Johan Wyckaert | 12 novembre 2012
Johan Wyckaert | 12 novembre 2012

Frenzy, l'un des derniers films d'Hitchcock, adapté du roman d'Arthur La Bern, est aussi celui du retour sur ses terres anglaises après de nombreuses années passées à Hollywood. Point de Sean Connery ou Grace Kelly ici, mais des acteurs et des personnages au comportement et au physique des plus banals, au service d'un film à l'accent britannique prononcé : pas uniquement dans son introduction, un long plan aérien de Londres, mais dans sa majeure partie, car le film fut filmé dans le quartier de Covent Garden, où Hitchcock passa son enfance. Si les deux films se situent dans le même quartier, Frenzy n'a pourtant rien à voir avec le My fair lady de George Cukor sorti quelques années plus tôt.

Le film fut tourné au sein même de ce vieux marché de fruits et légumes, véritable jardin d'Eden très peuplé et rassurant, cachant pourtant un assassin. Les scènes d'intérieur furent, elles, filmées dans les célèbres studios de Pinewood. Le cinéaste revient au genre policier qui lui est familier, dans lequel Blaney, un loser total (Jon Finch) se retrouve accusé à tort d'un meurtre perpétré par un certain « tueur à la cravate ». Frenzy lui permet de filmer des rues qu'il a bien connues, d'évoquer le célèbre Jack l'éventreur dès la première scène, qui trouve ici un descendant, et de parsemer son film d'éléments récurrents dans sa filmographie : L'humour noir, l'ironie, le faux-coupable, le suspense...

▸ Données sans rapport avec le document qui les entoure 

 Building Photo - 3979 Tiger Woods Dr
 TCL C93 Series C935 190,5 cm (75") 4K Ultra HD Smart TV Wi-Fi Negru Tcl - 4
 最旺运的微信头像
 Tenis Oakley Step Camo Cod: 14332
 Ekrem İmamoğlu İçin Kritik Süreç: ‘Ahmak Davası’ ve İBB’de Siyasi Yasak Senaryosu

Ainsi, dès le début du film, le personnage principal sera vu en train d'ajuster sa cravate, laissant supposer qu'il est le coupable, jouant avec les attentes du spectateur, tentant de le berner à la manière du véritable coupable. Si celui-ci sera découvert assez tôt, cela n'enlèvera rien au suspense, et surtout au rythme du film, frénétique (comme son nom l'indique), le montage d'Hitchcock laissant peu de temps au spectateur de respirer. Même si par instants, ce rythme fou semble s'arrêter, au détour de quelques scènes à la poésie macabre (cette caméra qui quitte lentement le lieu du crime, avec pudeur, laissant simplement deviner le reste), ou pastorale (la pomme croquée par un personnage juste avant de mourir).

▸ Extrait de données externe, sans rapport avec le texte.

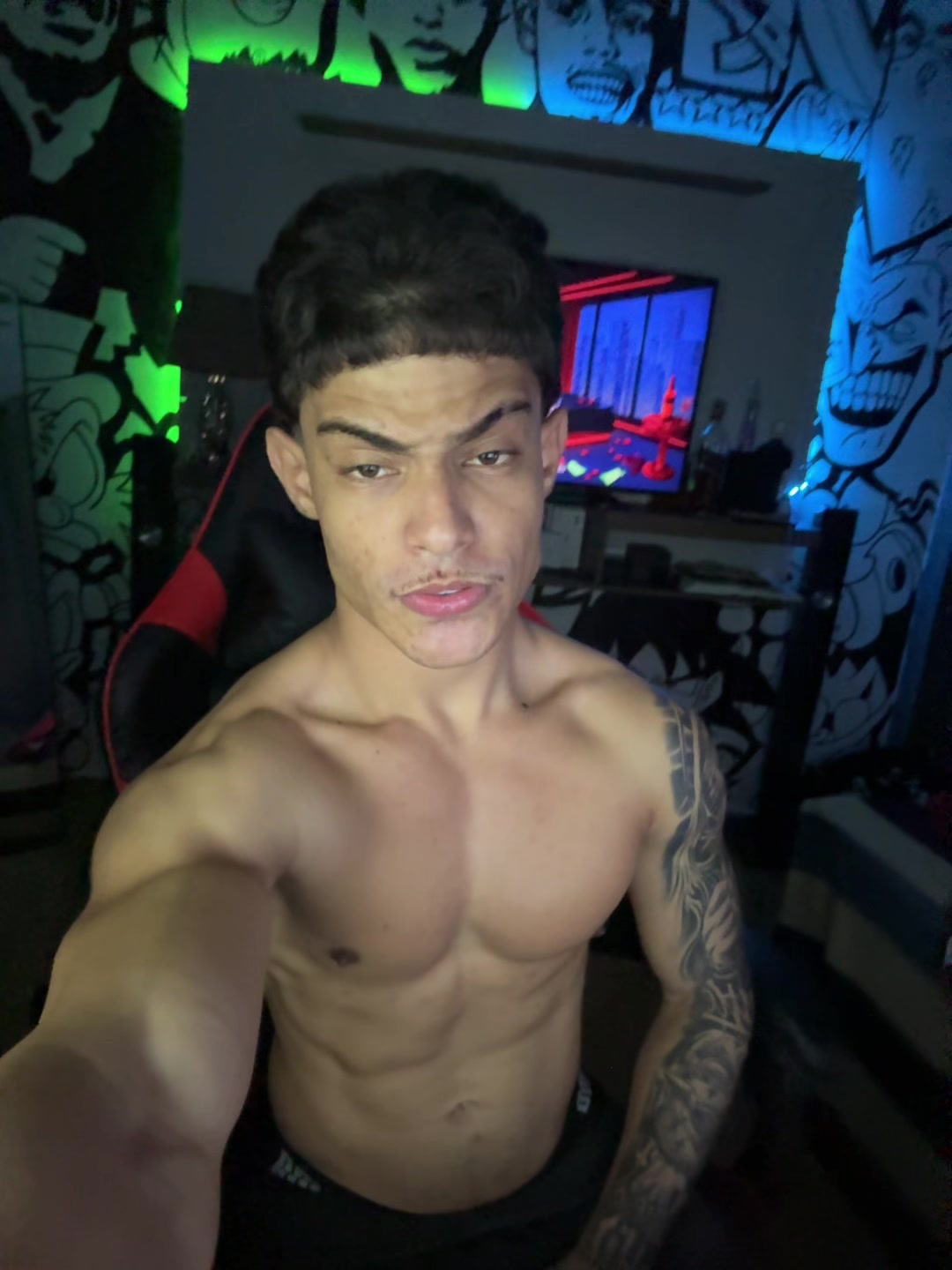 @021_DHERICK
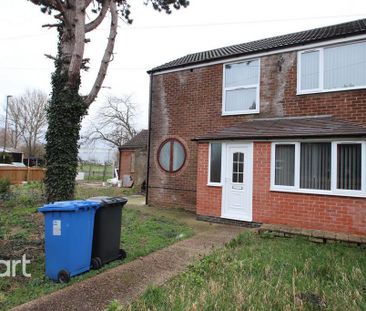 1 bedroom coach house to rent - Photo 3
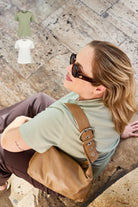 | modelheight:160, size:XL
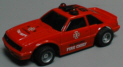 Tyco_Mustang79_Fire_red-sm.jpg (7873 bytes)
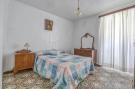 VakantiehuisSpanje - : CASA DE PUEBLO ANDALUZA SIERRA SEVILLA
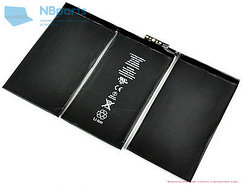 Аккумулятор для планшета Apple iPad 2 A1376 OEM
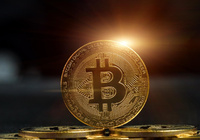 仅需60亿美元？杜克大学教授警示比特币潜在威胁-Ai设计师学院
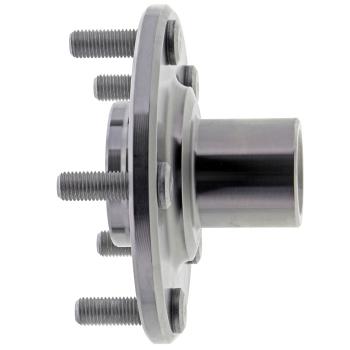 2005 Toyota Avalon Wheel Hub Repair Kit
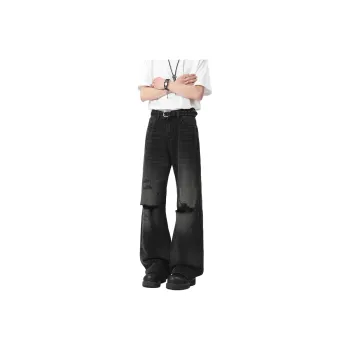 Zomuros Jeans Unisex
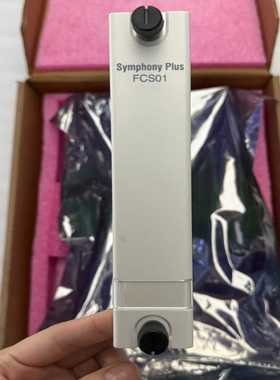 贝利卡件SPFCS01一张议适用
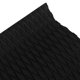 thumbnail image 4 of 5x Scooter Antideslizante E Flooring Hoja de espuma Eva sintética 37x92cm Jet-ski Mat C, 4 of 5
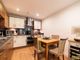 Thumbnail Flat for sale in Oldfield Avenue, Darwen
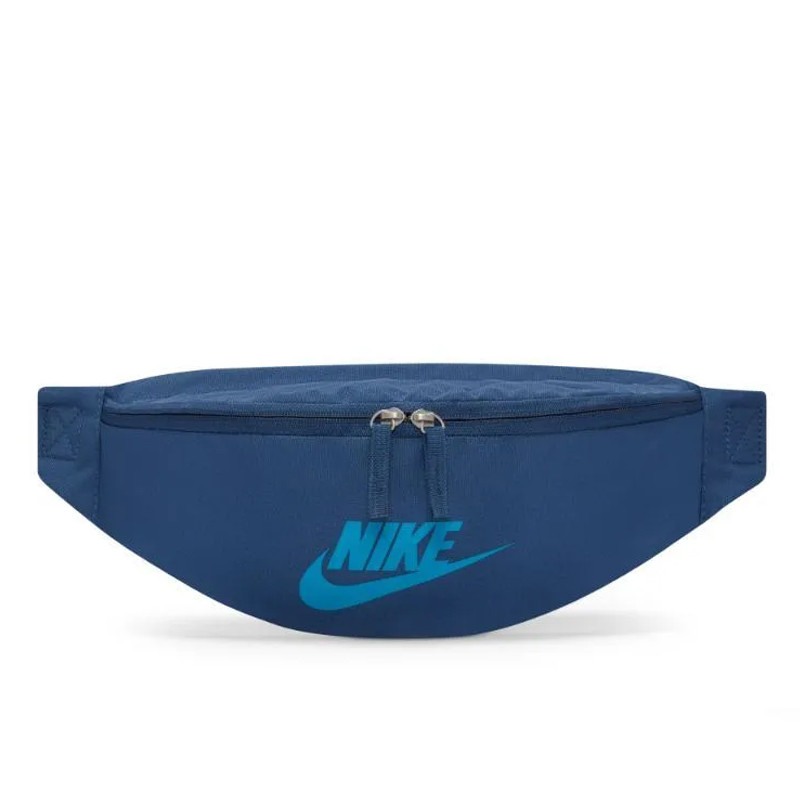 harga waist bag nike original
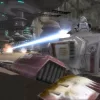 Star Wars: Battlefront II (Classic, 2005)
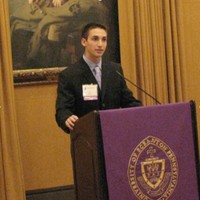 Jon Galante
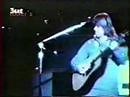 Chicago- If You Leave Me Now -LIVE (1977)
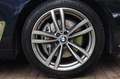BMW 740 7-serie 740i High Executive Aut. | Orig. NL | Elek Blauw - thumbnail 10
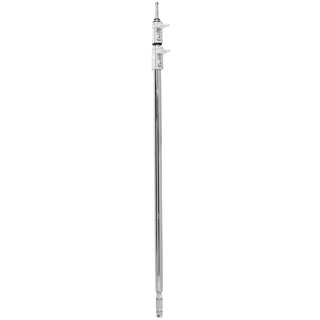 Kupo 40" C-Stand Riser Column For CT-40M Silver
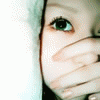 ˴ͷͼҺҺëë_www.fzl9.com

Frenzy présente une galerie de personnages à part dans la filmographie d'Hitchcock. Si le personnage principal est un faux-coupable comme il les affectionne, il est un chômeur alcoolique et violent, sur qui le sort semble s'acharner. Les personnages féminins n'ont rien de sensuel (leur corps sera d'ailleurs dévoilé de manière crue, et souvent morbide), les victimes sont retrouvées gisant sans grâce aucune, une grimace grotesque sur le visage. Quant au tueur, il est à la fois lâche et ridicule, au charisme absent, ses actes motivés par la frustration sexuelle (ses envies étant d'ailleurs jugées, dénoncées par un personnage féminin). Une frustration qui semble d'ailleurs toucher la plupart de ses personnages, pas forcément sexuelle (le discours rageur de Blaney au restaurant).

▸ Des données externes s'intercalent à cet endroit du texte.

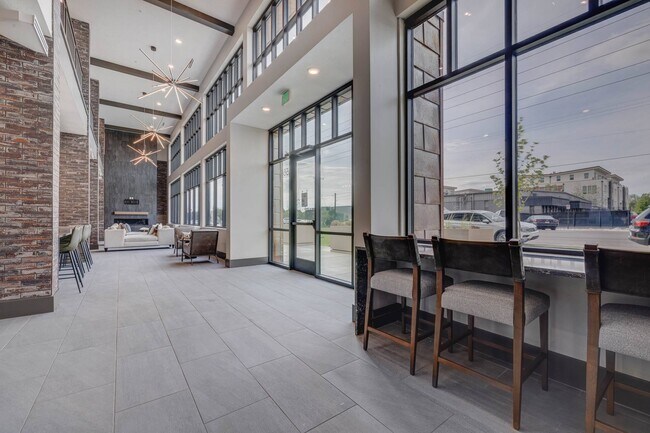 Alta Stone at The Gateway, Salt Lake City, UT 84101 - photo 3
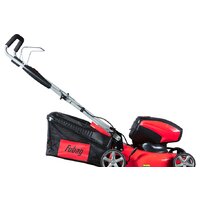 Газонокосилка Fubag FLA 4240M 641063 (с 1-им АКБ) - Превью изображения №4 — Интернет-магазин ПроЗаказ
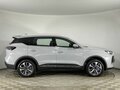 2026 Tenet T7, серый, 3005000 рублей - вид 5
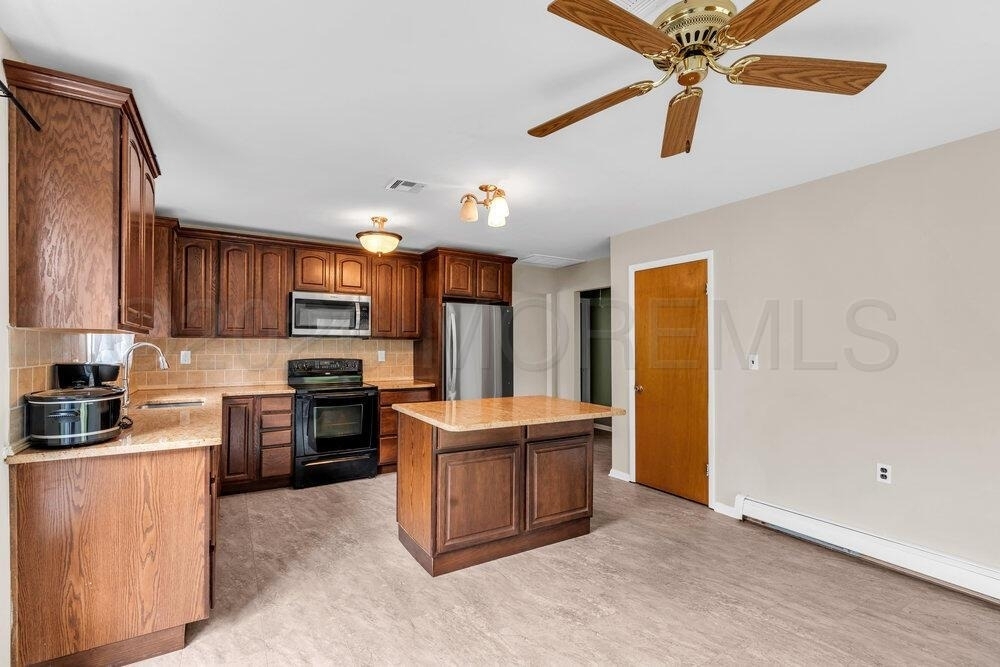 24 Liberta Drive - Photo 9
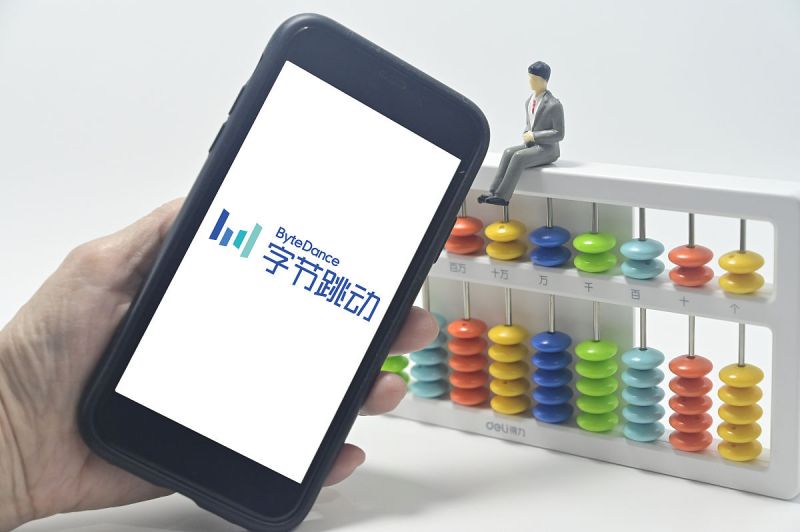 一键自动生成原创文章 - 借助机器学习技术让写作更加轻松 一键自动生成原创文章 - 借助机器学习技术让写作更加轻松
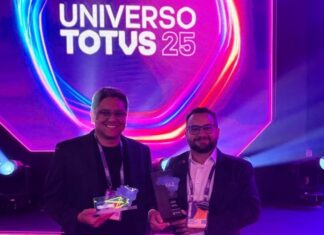 Grupo amazonense concorre ao principal prêmio de inovação empresarial do país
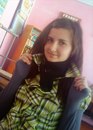 Ірина Денькович фотография #15 (источник - https://vk.com/id140066697)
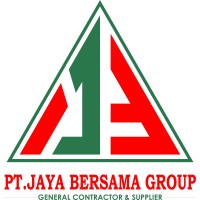 PT Jaya Bersama Group logo - Similar company to Kit Megadaya Engineering, Pt
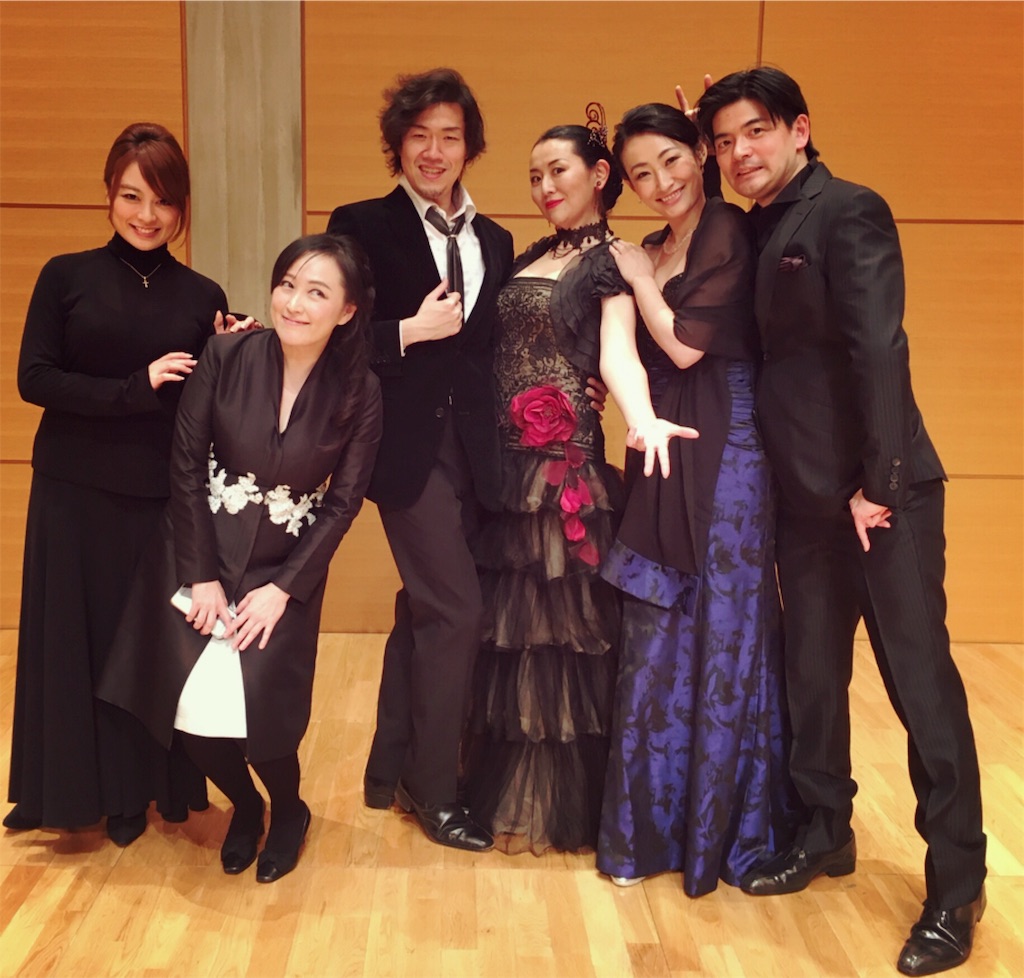 f:id:toriki841:20160122214523j:image f:id:toriki841:20160122214523j:image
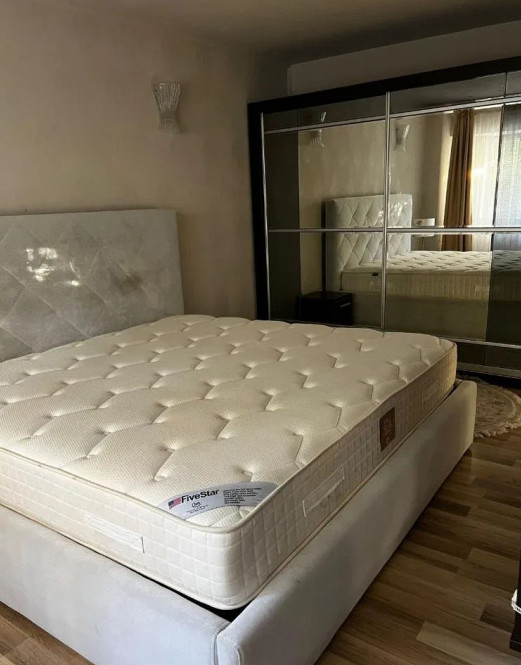 Apartament 3 Camere Calea Severinului Craiova — fotografie 2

Malgré son nihilisme (les personnages sont quasiment tous égoïstes, cupides ou lâches, ou tout ça à la fois), le film réserve de nombreuses scènes à l'humour tantôt léger (les petits plats de la femme du policier entre autres), tantôt noir (le discours sur la propreté de la Tamise interrompu par un corps flottant, la virée à l'arrière d'un camion du tueur)...

Avant-dernier film du cinéaste, Frenzy ne fait peut-être pas partie de ses chefs-d'œuvre, et n'est peut-être pas aussi reconnu que ses réalisations précédentes, il reste néanmoins une oeuvre à voir et à revoir, qui ne laisse aucun répit, et tout juste une étincelle d'espoir dans la nature humaine, perdue dans la grisaille et le froid londoniens.